:: YOUR ASSIGNMENT ::
Starting at the line that contains "Foto 8 - Quadrilocale", reproduce only the lines through the end of the data, exactly, including both the first and the last; skip the pictures.

:: DATA EXTRACT ::
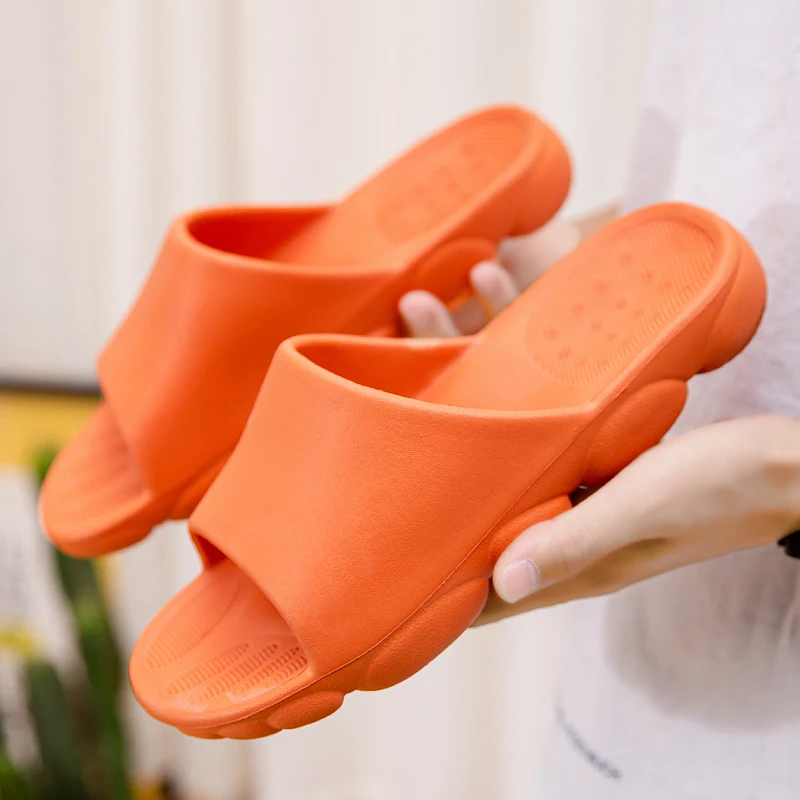 Indoor Slippers Women Home Cute Summer Slides Ladies Slipers Mules Shoes Woman Flats Claquette Femme Chanclas Mujer Plus Size 45
Indoor Slippers Women Home Cute Summer Slides Ladies Slipers Mules Shoes Woman Flats Claquette Femme Chanclas Mujer Plus Size 45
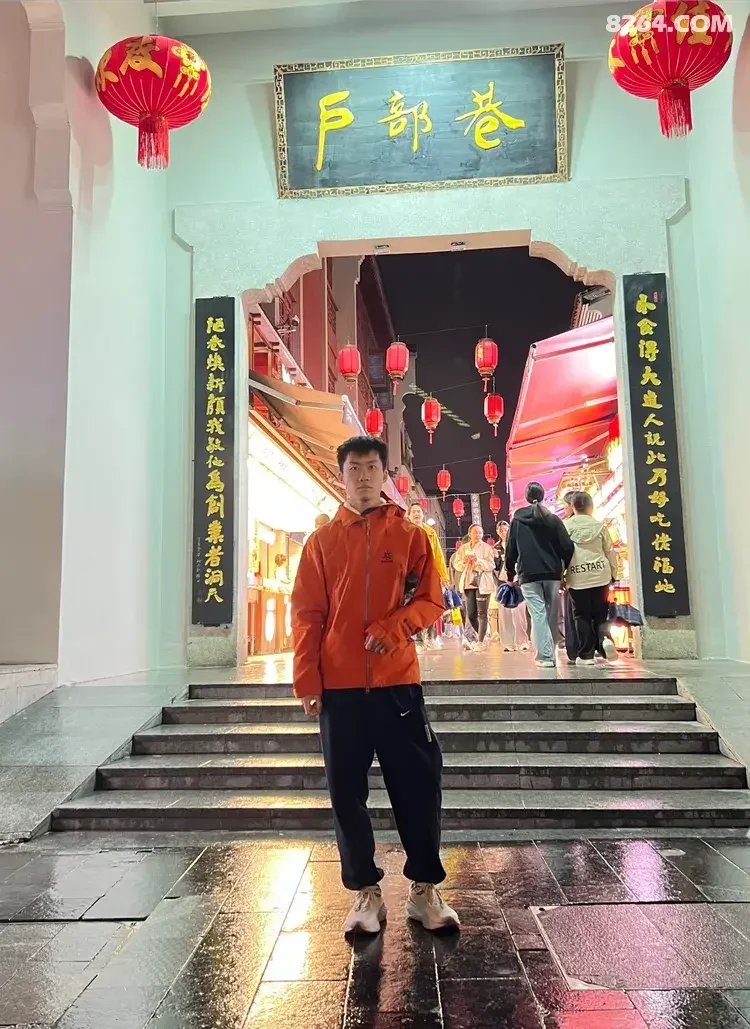 1792475452510 - 旅行杂谈 文化历史 民俗人文 交通贴士 在野 去没有天花板的地方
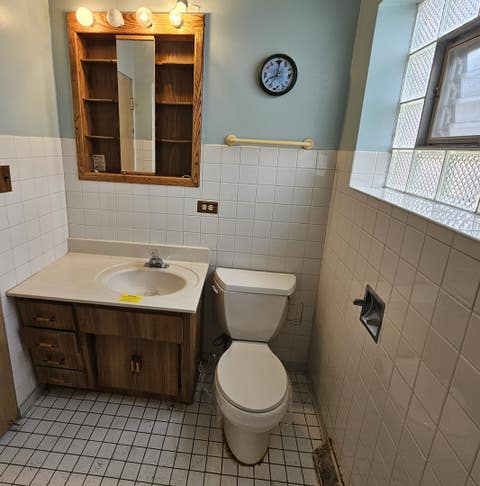 Tiny photo for 3628 W 69th Street, Chicago, IL 60629 (MLS # 12685638)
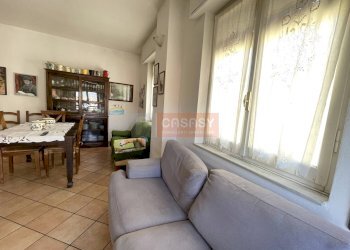 Foto 8 - Quadrilocale Via Panero, Albenga - foto 8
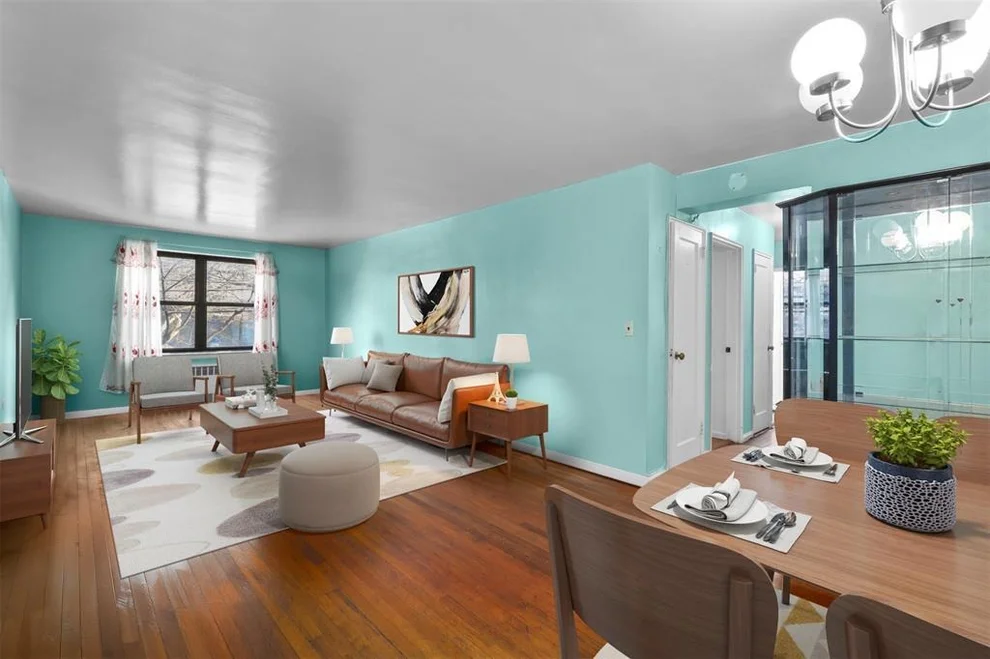 Unit for sale at 237 N Broadway, Yonkers, NY 10701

:: OUTPUT OF THE TASK ::
 Foto 8 - Quadrilocale Via Panero, Albenga - foto 8
 Unit for sale at 237 N Broadway, Yonkers, NY 10701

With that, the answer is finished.